Below is a Python function that implements this approach:
def longest_increasing_subsequence(sequence):
if not sequence:
return []
# Initialize an array to store the length of the longest
# increasing subsequence at each index
n = len(sequence)
dp = [1] * n # Each element is an LIS of at least 1 (itself)
# This array keeps track of the indices of the previous elements in the LIS
previous_index = [-1] * n
# Fill the dp array and previous_index array
for i in range(1, n):
for j in range(i):
if sequence[i] > sequence[j] and dp[i] < dp[j] + 1:
dp[i] = dp[j] + 1
previous_index[i] = j
# Find the index of the maximum length of LIS
max_length = max(dp)
index = dp.index(max_length)
# Reconstruct the longest increasing subsequence
lis = []
while index != -1:
lis.append(sequence[index])
index = previous_index[index]
# The subsequence is constructed in reverse order, so we reverse it
lis.reverse()
return lis
# Example usage
sequence = [10, 22, 9, 33, 21, 50, 41, 60, 80]
print("Longest Increasing Subsequence:", longest_increasing_subsequence(sequence))
Explanation of the Code
1. Initialization: The function initializes a list dp to store the lengths of the longest increasing subsequences that end at each position in the input list.

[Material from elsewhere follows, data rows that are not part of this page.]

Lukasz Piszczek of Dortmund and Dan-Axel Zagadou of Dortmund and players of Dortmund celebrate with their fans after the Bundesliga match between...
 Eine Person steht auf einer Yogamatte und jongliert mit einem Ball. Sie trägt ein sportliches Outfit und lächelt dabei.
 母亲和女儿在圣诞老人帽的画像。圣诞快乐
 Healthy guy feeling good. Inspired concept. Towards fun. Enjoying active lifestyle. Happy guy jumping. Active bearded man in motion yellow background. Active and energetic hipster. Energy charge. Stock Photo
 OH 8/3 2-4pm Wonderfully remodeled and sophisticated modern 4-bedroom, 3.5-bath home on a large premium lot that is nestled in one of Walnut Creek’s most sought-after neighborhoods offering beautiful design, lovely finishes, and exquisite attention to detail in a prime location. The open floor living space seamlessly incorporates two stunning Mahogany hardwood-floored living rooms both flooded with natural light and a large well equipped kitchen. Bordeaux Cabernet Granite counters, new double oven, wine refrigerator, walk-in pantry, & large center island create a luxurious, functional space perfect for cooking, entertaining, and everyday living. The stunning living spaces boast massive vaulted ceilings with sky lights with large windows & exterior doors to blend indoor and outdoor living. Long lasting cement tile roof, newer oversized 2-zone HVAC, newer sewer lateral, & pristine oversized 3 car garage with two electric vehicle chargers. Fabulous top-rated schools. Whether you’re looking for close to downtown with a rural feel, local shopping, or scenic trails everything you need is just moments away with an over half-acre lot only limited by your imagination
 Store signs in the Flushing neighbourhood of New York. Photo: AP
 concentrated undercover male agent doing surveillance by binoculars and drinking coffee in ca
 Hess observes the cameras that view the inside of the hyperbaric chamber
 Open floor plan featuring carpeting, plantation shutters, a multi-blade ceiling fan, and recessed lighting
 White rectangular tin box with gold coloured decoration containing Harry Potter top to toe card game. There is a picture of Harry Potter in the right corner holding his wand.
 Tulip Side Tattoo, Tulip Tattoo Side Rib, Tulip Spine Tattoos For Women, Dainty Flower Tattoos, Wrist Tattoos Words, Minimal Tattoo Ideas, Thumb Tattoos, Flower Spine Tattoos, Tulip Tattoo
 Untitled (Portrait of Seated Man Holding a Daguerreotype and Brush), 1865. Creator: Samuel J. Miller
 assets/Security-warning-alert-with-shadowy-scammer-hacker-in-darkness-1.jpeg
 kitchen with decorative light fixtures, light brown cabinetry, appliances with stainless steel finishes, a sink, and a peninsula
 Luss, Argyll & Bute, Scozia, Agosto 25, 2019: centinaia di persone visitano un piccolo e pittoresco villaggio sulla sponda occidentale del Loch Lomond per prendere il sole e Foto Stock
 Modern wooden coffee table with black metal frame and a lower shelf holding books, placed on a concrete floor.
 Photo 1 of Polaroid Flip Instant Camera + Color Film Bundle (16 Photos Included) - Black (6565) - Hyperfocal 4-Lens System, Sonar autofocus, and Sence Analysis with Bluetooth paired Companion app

Each position starts with the value 1 because each individual element is an increasing subsequence by itself.
2. Dynamic Programming Approach: Nested loops are utilized to compare each element with previous elements. If an element is greater than a previous element and can extend the increasing subsequence ending at that previous element (dp[i] < dp[j] + 1), the dp and previous_index lists are updated accordingly.
3. Finding the Maximum Length: After filling the dp, the maximum value is obtained to determine the length of the longest increasing subsequence. The index of this maximum length is used to reconstruct the subsequence.
4. Reconstructing the LIS: The subsequence is built by tracing back using the previous_index array, which stores the index of the last element in the subsequence.
5. Return Value: Finally, the constructed subsequence is reversed (since it was built backwards) and returned.
Complexity
The time complexity of this solution is \(O(n^2)\), where \(n\) is the number of elements in the input list. Space complexity is \(O(n)\) due to the additional storage for the dp and previous_index arrays.
Example
For the input list [10, 22, 9, 33, 21, 50, 41, 60, 80], the function will output the longest increasing subsequence, which might be [10, 22, 33, 50, 60, 80].